Et un jour on s'est quitté, de la même manière qu'on s'était rencontré, comme ça, sans joie ni tristesse. C'était le dernier jour de la dernière année, on savait tous les deux qu'on allait chacun partir dans un collège différent l'année suivante, mais on n'y pensait pas. Ca ne nous venait même pas à l'esprit. Tu penses pas à ça quand t'es gamin. Et pourtant on ne s'est plus revu depuis. Enfin jusqu'à hier.

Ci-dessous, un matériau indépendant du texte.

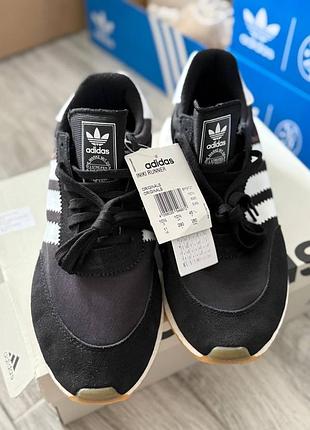 Оригинальн! кроссовки adidas iniki runner black white черные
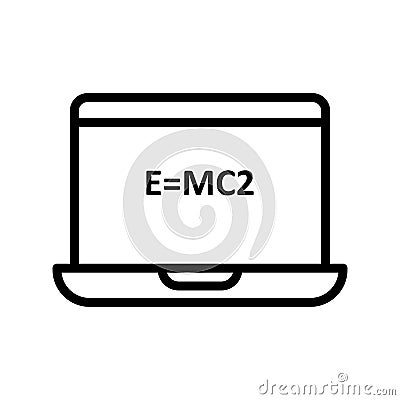 Emc2 Vector icon which can easily modify or edit Vector Illustration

J'étais en train de lire un bouquin dans la classe, hier soir, quand je vois passer un gars dans la cour. Il se dirigeait vers la maison qui est dans l'école (c'est un logement de fonction, c'est à dire réservé aux institutrices de l'école). Alors bien sûr ça a fait tilt, si ce garçon rentrait dans cette maison, ça ne pouvait être que Mathieu. J'ai couru dehors et je suis arrivée dans la cour au moment où il allait entrer chez lui. Alors je l'ai appelé. Il s'est retourné et a froncé les sourcils. J'ai traversé la cour pour m'approcher de lui et je suis arrivée à sa hauteur. Là je crois qu'il avait enfin compris qui j'étais. Je lui souriais, il me dévisageait, puis il a prononcé mon prénom d'un air interrogateur. J'ai fait oui de la tête. Et alors là on est tombé dans les bras l'un de l'autre, j'en avais les larmes aux yeux et lui aussi. Et puis il me tenait du bout de ses bras, me regardait de la tête aux pieds en souriant, puis on se reprenait dans les bras. Quelle joie ! On a mis un moment à s'en remettre…

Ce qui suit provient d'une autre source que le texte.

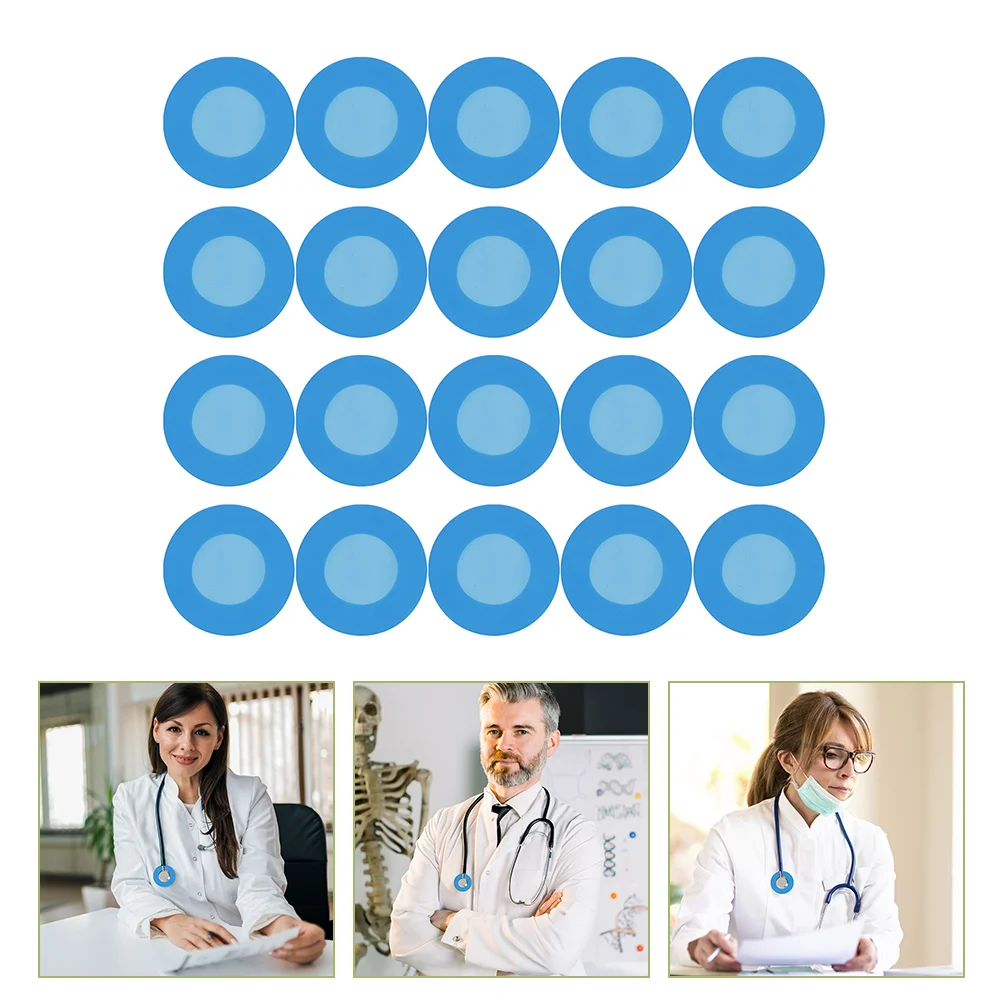 

20Pcs Stethoscope Head Covers Portable Silicone Stethoscope Head Protector Cover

J'ai regardé les fenêtres de la classe de ma mère : elle avait tout vu et elle souriait. Ca doit être pour ça qu'on est resté vraiment longtemps hier soir : ma mère était sûrement contente de nous voir ensemble. Alors on est allé se promener dans le village. La mairie, la salle des fêtes, le foyer des associations…quand on a vu ça on a tout vu. Mais on a aussi vu son oncle Georges, dans son fauteuil roulant. " Tu te rappelles d'elle ? c'est [Aglaia], la fille de Madame A… " lui a dit Mathieu. Et Georges se rappelait très bien de moi et il était tout content lui aussi de me revoir. Il m'a rappelé que dans le temps je passais par la fenêtre de sa maison pour entrer dans sa cuisine. Mais oui ! Je l'avais oublié ça, mais ça m'est revenu quand il me l'a dit. Et ben…
Mathieu m'a demandé des nouvelles de mon petit frère, et m'a dit qu'il était désolé pour ma sœur. Ben ouais y a de quoi l'être, désolé. S'il savait tout ce qui s'est passé dans les détails, je crois qu'il n'aurait pas utilisé le mot " désolé ". Plutôt le mot " bouleversé ", ou même " terrorisé ", mais bon peu importe.

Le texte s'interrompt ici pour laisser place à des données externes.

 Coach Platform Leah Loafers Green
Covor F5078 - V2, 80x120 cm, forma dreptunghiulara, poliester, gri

Ce qui me chagrine, c'est qu'il m'a paru triste. Je pense qu'il a pris quelques coups ces dernières années, qui ont dû lui faire mal. Il n'est pas très souriant, il parle beaucoup mais dit beaucoup de choses cassantes, il y a beaucoup de trucs qui lui déplaisent. C'est dommage un peu. Mais je l'aime comme il est, alors je ne m'arrête pas à ça. Je l'ai invité à venir manger avec moi au lycée mardi. Lui il est dans un autre lycée pas très loin du mien, il aura le temps de passer. On mangera tous les trois, lui, Noémie, et moi. Je me demande si Noémie se rappelle de lui, et inversement. Ils se sont déjà vus plusieurs fois dans leur enfance, vu que c'était les deux amis que j'invitais le plus souvent chez moi. On verra bien.
Ce soir, dans même pas deux heures, je sors avec Alain. Première soirée qu'on va passer ensemble, j'ai le stress ! J'ai le stress mais c'est super agréable, c'est bon, c'est doux, il va me prendre dans ses bras et je vais être trop bien. Je suis pressée de le retrouver.